Since then, the market has declined, and the Red Sox have reportedly decreased their offer.

"I hope he's being more honest with his client than he is with the media because we have made credible offers," Henry said. "The reason we have continued in the manner in which we have, is that his agent has given us a very clear indication that there is no common ground. He seems to believe it is still the winter of 2000."

Tellem, reached in New York, thought Henry was out of line.

"Obviously, I strongly disagree with Henry's characterization of my comments in regards to Nomar's current situation with Red Sox," Tellem said. "All further communication regarding this matter will be conducted in a private and professional manner among myself, Nomar and appropriate representatives of the Red Sox organization. As Nomar has stated, it has always been and still remains his goal to stay with the Red Sox."

The Red Sox have refused to discuss -- or even confirm -- their talks with Texas.

"We don't comment on rumors," Boston general manager Theo Epstein said. "It would be disrespectful for Nomar and Manny to talk about rumors surrounding them. I have great respect for Nomar and Manny."

Also Tuesday, Epstein said he would begin negotiating a contract extension with pitcher Pedro Martinez at the winter meetings in New Orleans this weekend.

"We don't feel pressured with regard to Pedro's contract," Epstein said. "He's signed through 2004 and we'll try to reach an agreement before spring training."

Martinez has one season and $17.5 million left on his deal. The right-handed ace refused comment, saying, "Boston has the ball in their hands."
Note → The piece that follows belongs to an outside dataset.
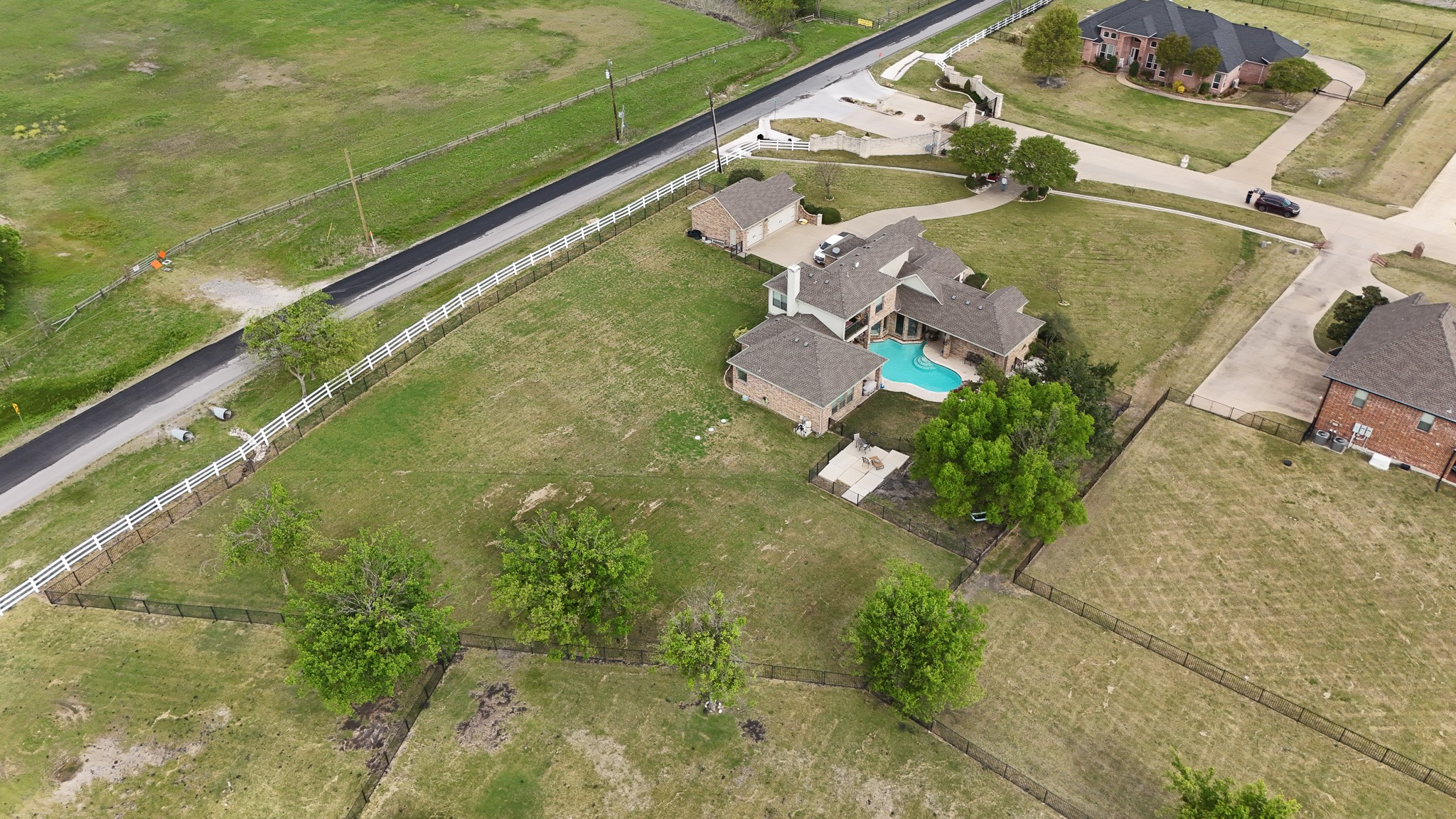 119 Equestrian Drive Rockwall TX 75032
Epstein and principal owner John Henry were in this Caribbean country to inaugurate a baseball academy near the outskirts of the Dominican capital to develop young talent.

The complex will cost $3 million to operate the first five years and can host up to 65 players at a time. There are two baseball diamonds, a dormitory building, gymnasium, kitchen and a study room.

The Los Angeles Dodgers, Oakland Athletics and San Diego Padres have built similar facilities in the Dominican Republic.

Also Tuesday, the Red Sox signed 18-year-old shortstop Luis Soto to a minor league contract. The switch-hitting Soto who played for the defending champion Baseball America team in the World Woodbat Tournament in Jupiter, Fla., this fall.